In its “Roadmap towards a fair living wage” H&M promised 850,000 workers a living wage by 2018. H&M happily took the credit for that commitment in 2013, but today not a single worker is actually making a living wage.

There is a lot of evidence to support this claim: from our own field research to wage data that H&M has been publishing, and not the least a widely accessible statement by H&M’s global head of production that the number of factory workers receiving a living wage remained at “zero”.

In other words, contrary to what H&M presents in the sustainability report and elsewhere, H&M did not follow through on its promises. Instead, H&M has put a lot of effort in trying to cover up their original commitments.

Changing the story

As we have been pointing out throughout our #TurnAroundHM campaign H&M has removed the original roadmap documents from its website and is instead only making available an edited version. This version omits several specific targets and commitments, namely:

  • to “secure that we pay a price which enables our suppliers to pay their textile workers a fair living wage and reduce overtime”;
  • that 850,000 workers would be paid a living wage through improved pay structures by 2018;
  • to engage in a process with production countries’ governments to identify a living wage level, set a legal minimum wage accordingly and review wages thereafter;
    the vision that all workers employed by its commercial goods suppliers should earn a living wage.
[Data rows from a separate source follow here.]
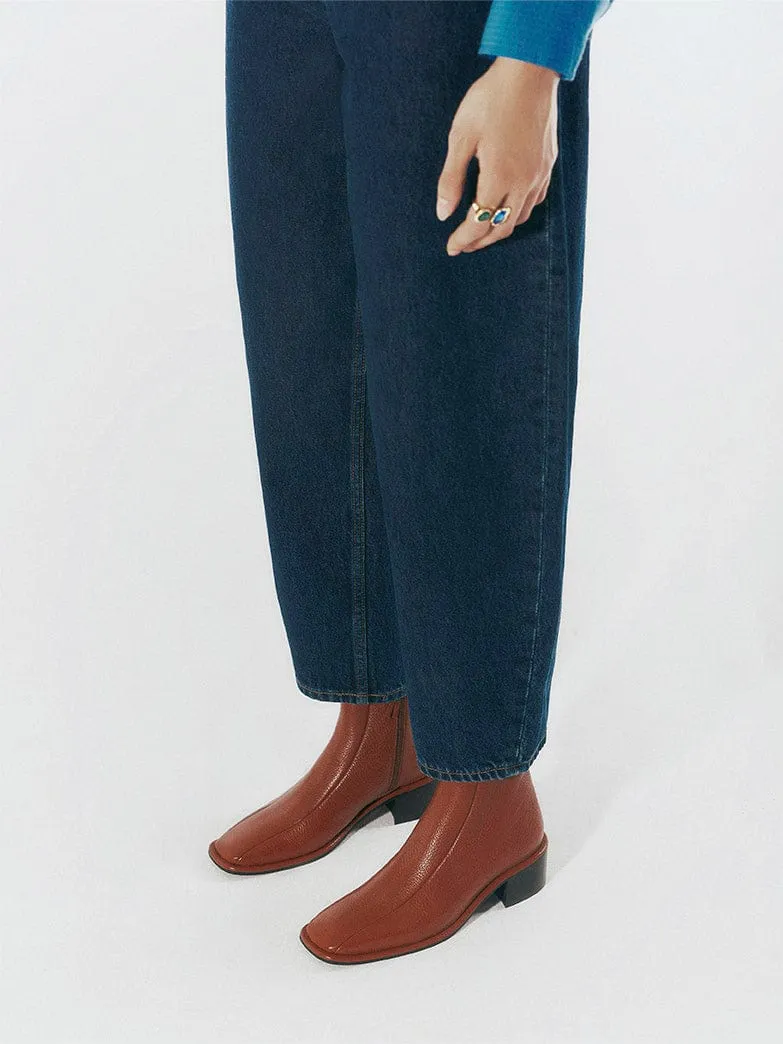 Sevilla Brick Boot sold by Maguire Shoes product image thumbnail 2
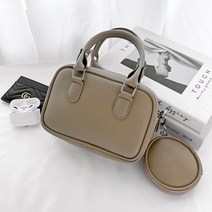 프롬헤븐 미링 여성 미니백 + 파우치 S358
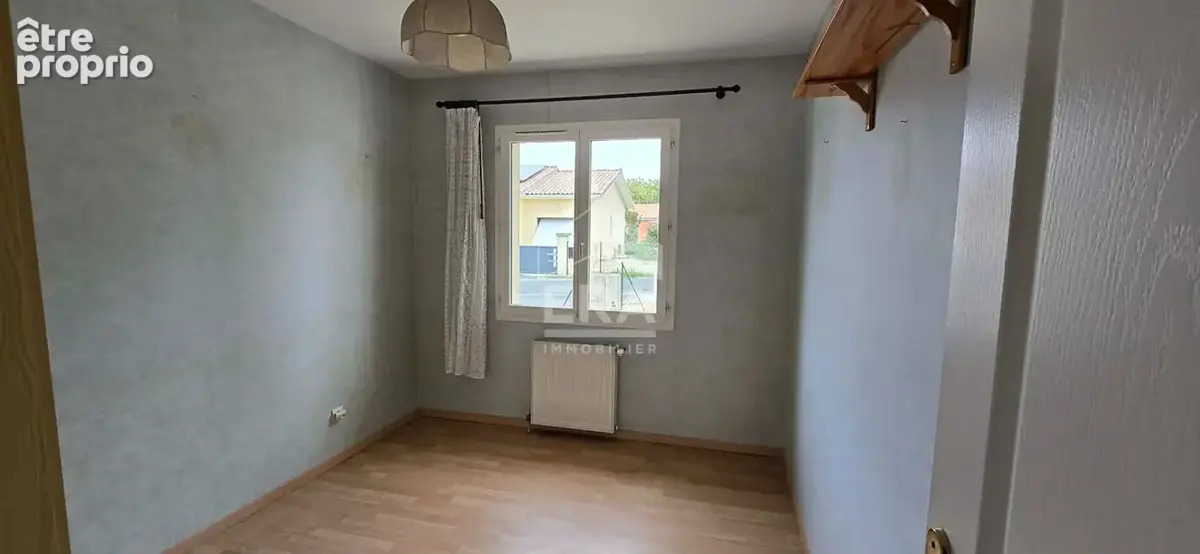Maison 87m² à montpon-ménestérol - photo 6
There are many more examples of how H&M has been changing its story through the years by removing some inconvenient facts and distorting others. In this way H&M has built the foundation for making the outrageous claims of having exceeded the goals, while workers and their families continue to live in poverty.

Indeed, multiple indicators that H&M has presented as relevant for the pursuit of a living wage have little or nothing to do with what was described in the original roadmap and with actual wage improvements for workers.


Inappropriate measures of success

In its 2013 sustainability report H&M introduced the Fair Wage Method as an important part of their living wage work. H&M then took until May 2018 – the year when this “conscious action” was supposed to be implemented – to clarify what they mean by the FWM and how it is supposed to be implemented. Yet, despite the lack of a clear description of the FWM, H&M reported some results already for 2014, and continued to make claims of progress. In the 2018 Sustainability report, H&M claims to have exceeded its target because 500 factories (representing 67% of its product volume) are implementing improved Wage Management Systems, which have taken the FWM’s place as one of the Key Performance Indicators (p. 62).

Celebrating this as a success while workers are still paid poverty wages is not fitting of a company that wants to position itself as the industry’s leader and capitalize on the perception of being “sustainable”.

Another Key Performance Indicator according to H&M is the mechanism of “democratically-elected worker representation”, which may sound appealing but is, in fact, highly problematic.

In Bangladesh, for example, where H&M is the largest buyer, these worker committees are not allowed to negotiate on wages. In that light, presenting this as an achievement in relation to H&M’s living wage commitments is clearly misplaced to begin with.

Moreover, there are serious downsides to this form of worker representation in comparison with effective formal union representation, yet the narrative part of the sustainability report refers to the two as if they were interchangeable. An exception is a brief remark that, “Unions are particularly well suited to negotiate wages …” (p. 66), but H&M’s list of Key Performance Indicators say nothing about whether there is genuine freedom of association and a trade union representation at supplier factories.

Among other things, H&M fails to acknowledge that worker committees often include factory management, or are influenced by the management in other ways. For instance, the relevant section of the labour law in Bangladesh was recently improved, but it is still severely criticized by International Labor Organization and international trade unions because of the role employers are allowed to play in the election process. Furthermore, there is public evidence, for example from Human Rights Watch, that worker participation committees in Bangladesh have been used to thwart unions.

It has been well known, beyond Bangladesh, that worker committees can be used to undermine formal organizing, and that allowing workers to freely elect their representatives, while in itself positive, is no guarantee of these committees functioning as intended. Global union federations in particular have frequently warned against such ‘parallel means’. Workers should be allowed and able to organize themselves, free of any interference of factory management.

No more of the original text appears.